▶ [Input for this task]:

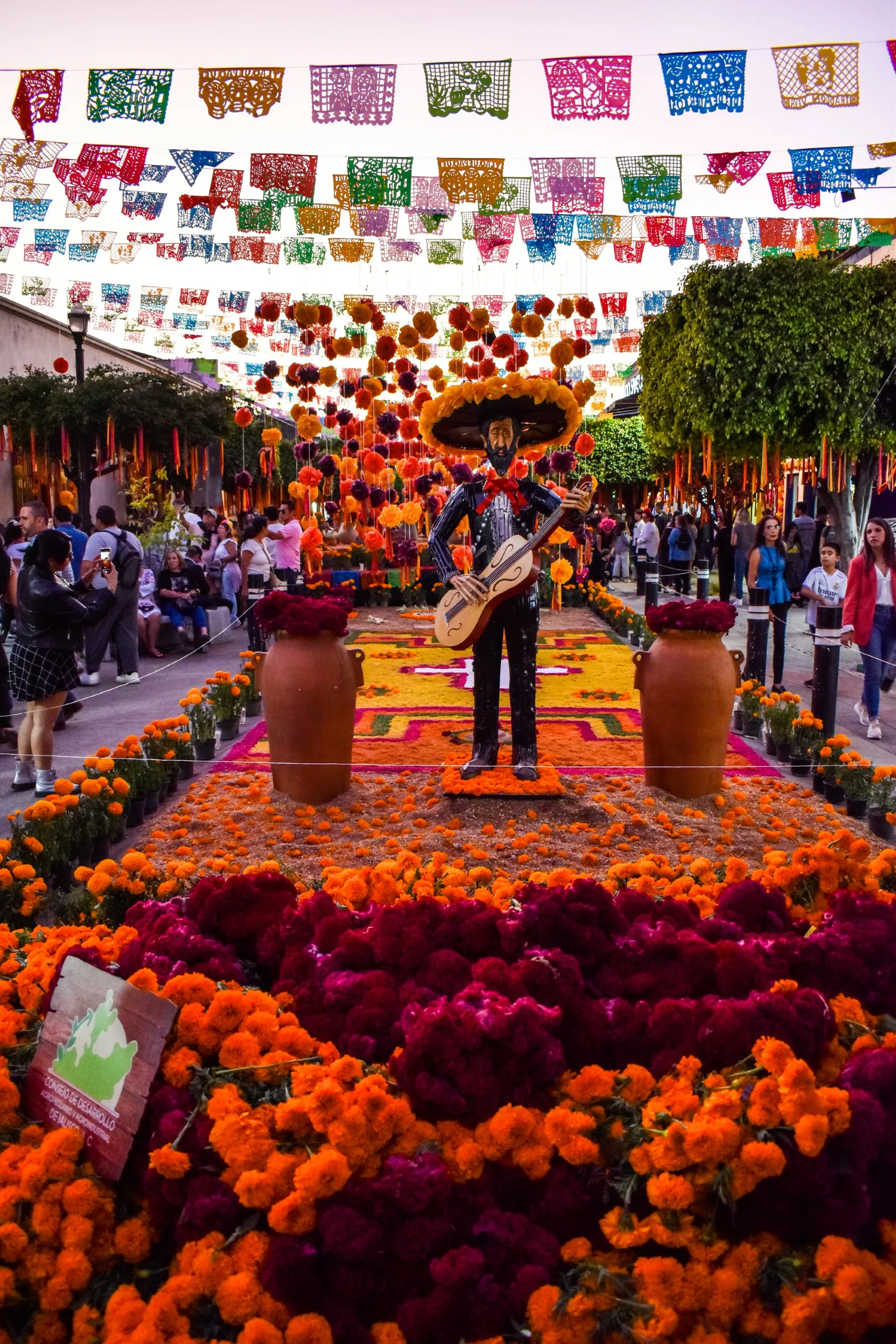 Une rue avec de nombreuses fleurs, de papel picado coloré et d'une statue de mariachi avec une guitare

---

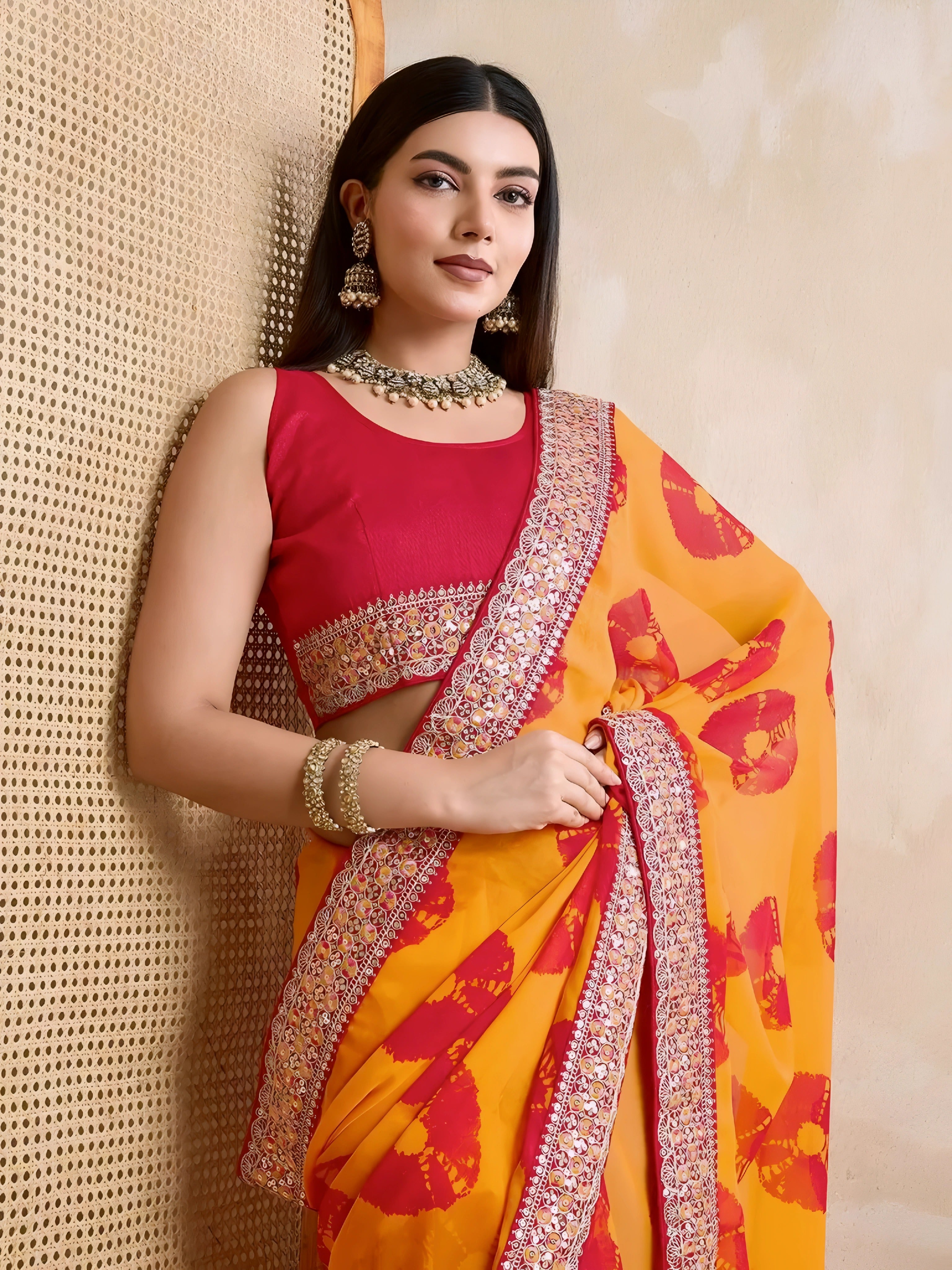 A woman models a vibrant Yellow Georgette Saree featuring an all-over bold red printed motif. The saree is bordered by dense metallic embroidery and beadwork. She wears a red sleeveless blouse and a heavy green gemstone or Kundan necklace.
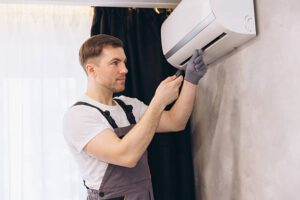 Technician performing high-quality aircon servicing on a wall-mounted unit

▶ [Problem to work on]:
Within the listing above, the stretch from the line with "A woman models" down to the line with "Technician performing high-quality" is to be given again exactly, end lines included and pictures excluded.

▶ [Completed exercise]:
 A woman models a vibrant Yellow Georgette Saree featuring an all-over bold red printed motif. The saree is bordered by dense metallic embroidery and beadwork. She wears a red sleeveless blouse and a heavy green gemstone or Kundan necklace.
 Technician performing high-quality aircon servicing on a wall-mounted unit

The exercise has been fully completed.